Friday, June 24, 2016

Of Brexit and Man.

My office, way over in East New Jersey as it is, has broad and expansive views of the Hudson River. Yesterday as I was doing what I do (running from one meeting to the next) I happened to do the unthinkable: I looked up from my phone and out the window.

There, in the giant martial shadow of a giant martial aircraft carrier--we live, let's face it in the giant martial umbra of our military-industrial complex--I saw down in the river, a gaggle of kayakers meandering and splashing their double-paddles.

The world is both an amazing and amazingly frustrating place. Today, or last night, we learned the news of Britain's exit from the European Union. Which to my cynical mind reads in big bold 144-pt. type, "if it can happen there, it can happen here."

Yes, we could elect the short-fingered dancing bear in our three-ring electoral circus as the next president of what Lincoln once called "the last best hope of mankind."

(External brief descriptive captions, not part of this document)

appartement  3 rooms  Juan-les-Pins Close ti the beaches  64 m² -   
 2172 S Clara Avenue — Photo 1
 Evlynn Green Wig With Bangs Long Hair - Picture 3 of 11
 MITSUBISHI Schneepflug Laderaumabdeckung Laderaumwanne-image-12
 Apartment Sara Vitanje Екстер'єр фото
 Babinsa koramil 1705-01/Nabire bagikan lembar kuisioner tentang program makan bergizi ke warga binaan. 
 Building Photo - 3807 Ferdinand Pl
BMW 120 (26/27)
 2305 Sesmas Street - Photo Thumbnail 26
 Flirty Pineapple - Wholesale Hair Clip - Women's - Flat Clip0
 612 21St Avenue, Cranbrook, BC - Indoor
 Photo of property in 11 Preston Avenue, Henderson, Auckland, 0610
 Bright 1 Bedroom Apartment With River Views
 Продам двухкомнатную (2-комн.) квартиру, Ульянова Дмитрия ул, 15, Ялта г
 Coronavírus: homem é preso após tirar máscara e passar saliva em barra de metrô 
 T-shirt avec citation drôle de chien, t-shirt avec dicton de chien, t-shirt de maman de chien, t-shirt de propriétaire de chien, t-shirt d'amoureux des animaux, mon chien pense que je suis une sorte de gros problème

That is to say, it often feels like the world has spun off its axis and is about to hurtle into space. The DAX is down over 700 points and the FTSE 100 down almost 500. I don't even want to think about today's Dow and Nasdaq.

But then, I stop. 

Like Ishmael, "I find myself growing grim about the mouth...it is a damp, drizzly November in my soul...[and] I find myself pausing before coffin warehouses and bringing up the rear of every funeral..." 

But then, I stop.

I think about how the Hudson used to be. Viscous and inky, an open sewer. And while I still wouldn't set foot in it (though people do) there are those kayakers, like children in a playground laughing and splashing.

We are, I think, like rivers.

We can be all but dead and choked with effluvia and old shopping cars and a billion soda cans. And then, over time, we regenerate, we clean, we become, again, kayakable.


Maybe this is too optimistic for this dark day. Maybe we've finally destroyed Western thought along with earth's once-balanced ecosystem.

Who knows?

Maybe I'll ask the kayakers. When they come in from the river.